SATURDAY MORNING

A day that changed the world for Israelis forever

By Larry Butchins

Saturday morning, October 7, dawned quietly, with cooling breezes and the dawn chorus of birdsong greeting the new day. Then, within minutes, the phones started ringing, text messages started coming in and our world was turned completely upside-down. Saturday morning, Shabbat, Simchat Torah, became a hell-hole for communities in proximity to the Gaza Strip, and a violent, shocking, sickening wake-up for the rest of the country: 50 years and a day since the last time we were caught completely off-guard, completely complacent and despite our highly advanced security and surveillance equipment, weapons and defensive systems, literally in the dark.

Nothing was the same, nor ever would be again: nothing made sense anymore – not the social tension within Israel, which disappeared in a nanosecond and became national unity; not the political upheaval of the past 10 months, not the right or left or in-between, not peace efforts, not ridiculous mouthings by out-of-touch rabbis and far right-wing activists, or the hundreds of thousands of concerned Israelis demonstrating for nine months, for democracy. Nothing makes sense.

Be’eri bloodbath. More than 100 bodies recovered from kibbutz Be’eri as Hamas makes Israel hostages death threat. One tenth of the kibbutz’s population was exterminated by the killers from Gaza.

The numbers keep rolling in, first 100 dead, then 250, then 500 then 700 (update 11/10/23 – more than 1200) and still climbing. Then came the horrific discovery by ZAKA of more than 260 bodies of people fleeing from the desert festival…

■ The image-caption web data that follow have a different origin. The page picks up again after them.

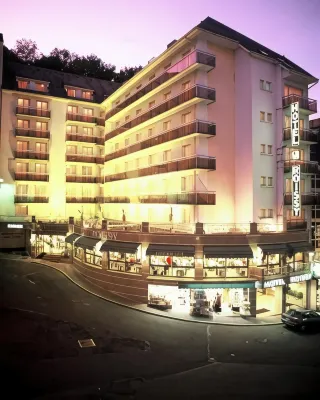 Hôtel Roissy Hotels in Lestelle-Betharram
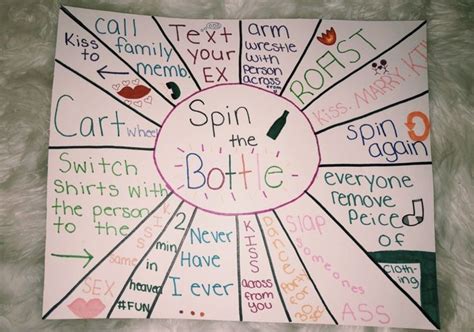 Pin By Paige Paxton On Bucket List Sleepover Party Games Fun Party
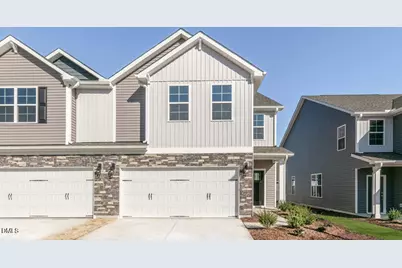 721 Gold Hill Way, Hillsborough, NC 27278 - Photo 1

Over the years, we were lulled into a sense of false security: “Hamas is managing to keep a lid on terrorism; at least Hamas has taken responsibility for the Gazans; Hamas doesn’t want a war right now….” More platitudes and inaccurate analyses flowing from sources that should have known better. But now is not the time for pointing fingers and demanding answers. That time will come…that time will come…

It is believed that more than 1,500 terrorists – a vile pus erupting from the Gaza carbuncle – oozing into Israel, created the most horrific scenario of death, destruction, torture and abductions unseen since the Holocaust. Wrap your head around that for a minute – THE MOST HORRIFIC BRUTAL AND BESTIAL ACTS OF MURDER, CARNAGE AND DESTRUCTION perpetrated AGAINST JEWS in their homes and towns, in their gardens, in their beds.

If this was a movie, critics would have slammed it for being “over-the-top”. Yet it was real: families slaughtered in their homes in a way that would make Nazis proud; young adults, men, women, children, at a peaceful “rave” festival in the desert, gunned down as they dashed for safety.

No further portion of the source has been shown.